• For the past 15+ years, we’ve been storing extensive data on every experiment we run.

    As the world’s largest experimentation agency, this means we now have a huge repository of past a/b test results, spanning countless industries, verticals, and company sizes.

    We’ve always known that this repository had the potential to offer an incredible competitive edge to our clients, but up until recently, we’ve had trouble unlocking its full potential.

    Recently, though, that’s all changed.

    In fact, thanks in large part to our experiment repository and the meta-analytic techniques it’s opened up for us, we’ve been able to achieve some of our most impressive agency-wide results ever.

    So what have we done and how did we do it?

    In this blog, we’re going to share all.

    Whether you run a mature experimentation program or you’re just getting started, this blog will give you everything you need to build an experiment repository and begin unlocking the power of meta-analysis in your own work.

  • Contents

  • What is meta-analysis?

    A/b tests – or randomized controlled trials (RCTs) – offer one of the strongest forms of evidence available for understanding causal relationships.

    But there’s one form of evidence that’s even stronger than RCTs:

    Meta-analyses of RCTs.

    Hierarchy of evidence

    The hierarchy of evidence

    A meta-analysis is essentially an analysis of multiple RCTs with the goal of combining their data to increase sample sizes and unearth macro-level trends that arise across trials.

    Think of it like this: even with a strong a/b test, there’s still some chance of error creeping into your results. Maybe a confounding variable has distorted your data. Maybe your result was an unlikely statistical fluke. Maybe it was something else.

    By merging multiple a/b test results, you stand a much better chance of separating out the signal from the noise.

    Combining the results of multiple a/b tests

    Combining the results of multiple a/b tests

    Meta-analysis is a very well-utilized tool within academic contexts, but in the world of business experimentation, very few people are doing it – let alone doing it well.

    In our view, based on the results we’ve been seeing, this is a huge missed opportunity.

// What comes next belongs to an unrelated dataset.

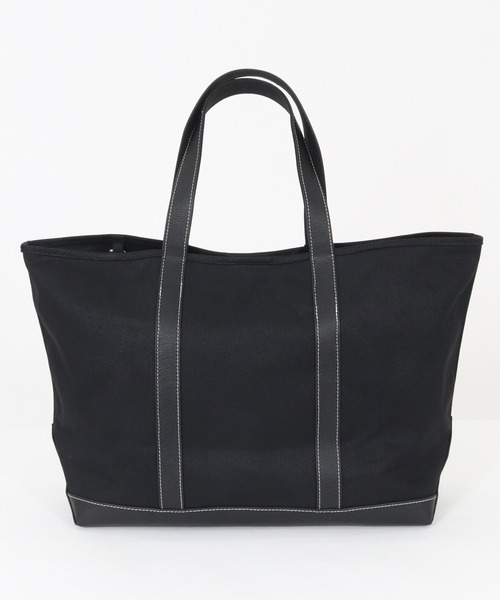 ADAM PATEK(アダムパテック)の「【ADAMPATEK/アダムパテック】leather combi basic big tote bag/レザーコンビベーシックビッグトート(トートバッグ・メンズ・ホワイト/ブラック・FREE)」の4枚目の写真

    Think what you could do if you could combine every experiment you’ve ever run and extract macro-level insights to help inform things like:

    • UX – identify levers with the highest and lowest success rates to understand what is truly most important to your users.
    • Product & pricing – find out what your customers really want and then build and optimize products and pricing strategies that respond to these desires and preferences.
    • Business strategy – aggregate your experiment results to inform the direction of your business.
    • Experimentation strategy – leverage macro insights to answer questions like: do tests with big builds justify the extra resource expenditure? Do high-risk tests justify the added risk? Is our prioritization methodology prioritizing the right tests? etc.
    • And more.
  • Why bother building an experiment repository? 5 good reasons

    Building an experiment repository is the first and most important step on the road to running successful meta-analyses.

    Put simply, if your data is effectively stored and organized in a centralized repository, then running high-level meta-analyses will be relatively straightforward.

    Unfortunately, building an effective experiment repository can be quite labor intensive, so here are five good reasons, taken from our own experience, of why we think you should invest the time.

    1. Improved performance

    This one’s the most generic benefit we’re going to talk about, but we thought we best mention it up top because, well – numbers speak. All of the other benefits below ladder up to this one.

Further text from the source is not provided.